July 5, 2008
Thailand’s Siam Cement cuts petrochemical output by 10%
Siam Cement, Thailand's biggest industrial conglomerate, said on Friday it planned to cut petrochemical output by 10 percent this year due to rising raw material costs, reported Reuters.
With the price of naphtha doubling from last year, Siam Cement's petrochemical unit will cut output to 90 percent of its 1.25 million tonne capacity to reduce costs, SCG Chemicals president Cholanat Yanaranop, told reporters.
A joint venture petrochemical plant in Iran would also be delayed to next year due to construction problems, he said.
The plant is designed to produce 300,000 tonnes of high density polyethylene (HDPE) plastic pellets per day.
Despite the lower petrochemical output, Cholanat expected petrochemical revenues to rise to 150 billion baht ($4.5 billion) this year from a previous forecast of 120 billion baht, and compared to 110 billion baht last year.
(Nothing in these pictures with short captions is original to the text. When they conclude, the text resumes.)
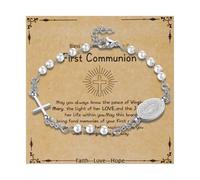 OIDEA Pulsera Rosario Virgen María: Brazaletes de Cuentas Cruz Cristales de Imitación para Mujer y Niña Acero Inoxidable Adjustable Oro Blanco con Tarjeta - Para Bautismo Santa Comunión Regalos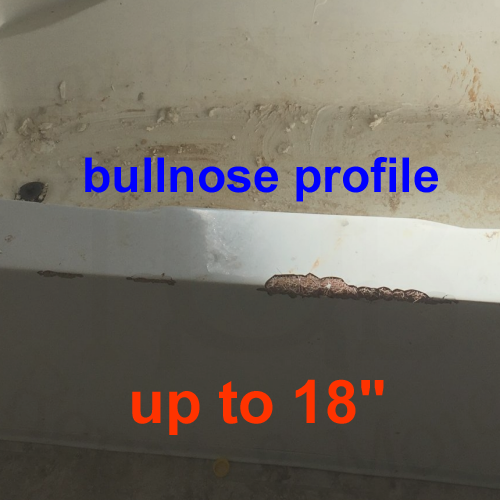 Bullnose Profile 18" | Joy of St Croix - Tub Repair & More bullnose profile up to 18" voids an air pocket between the gelcoat and fiberglass rpaired by Joy of St Croix Tub Repair and More joyofstcroix.com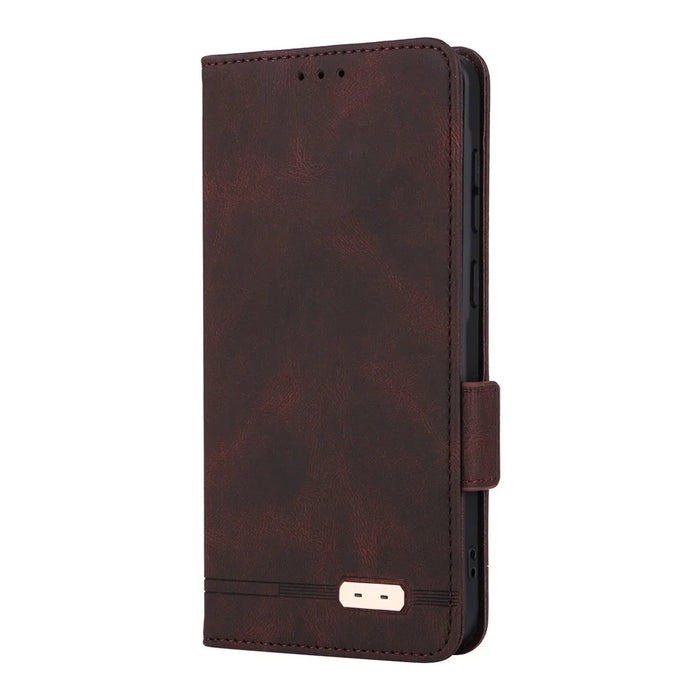 For Samsung Galaxy A56 5G Case Leather Wallet Flip Phone Cover with Hardware Decor - Coffee - 6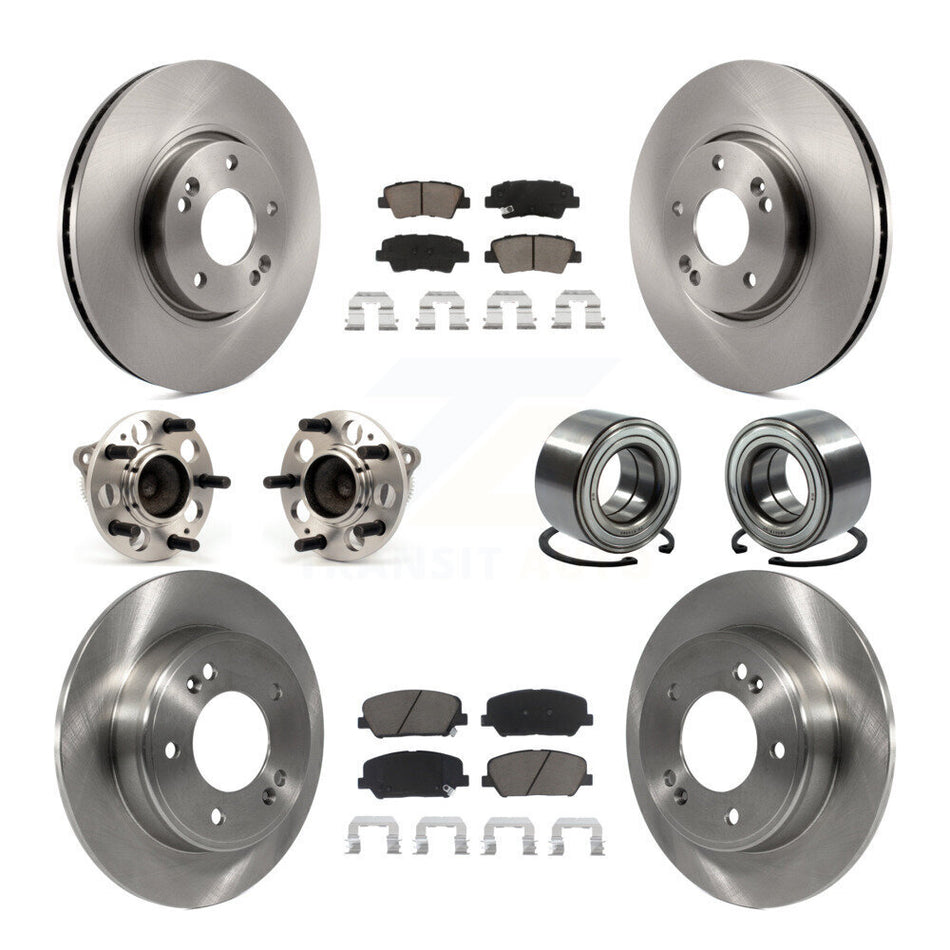 Front Rear Wheel Hub Bearings Assembly Disc Brake Rotors And Ceramic Pads Kit (10Pc) For Hyundai Veloster Kia Forte Koup KBB-117364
Cholanat said the revision reflected surging global oil prices, which had pushed up petrochemical prices.
"The revenue forecast of 150 billion baht for this year is based on a crude price of $130-$140 a barrel," he said as oil neared $145 a barrel on Friday.
"But our petrochemical margin will not be better than last year because raw material costs are rising at a faster pace than selling prices of plastic products," he said.
The spread between HDPE and naphtha was $659 a tonne last year. Petrochemical revenues contribute about half of Siam Cement's total revenues.
Siam Cement's other core businesses are cement, paper, building materials and distribution.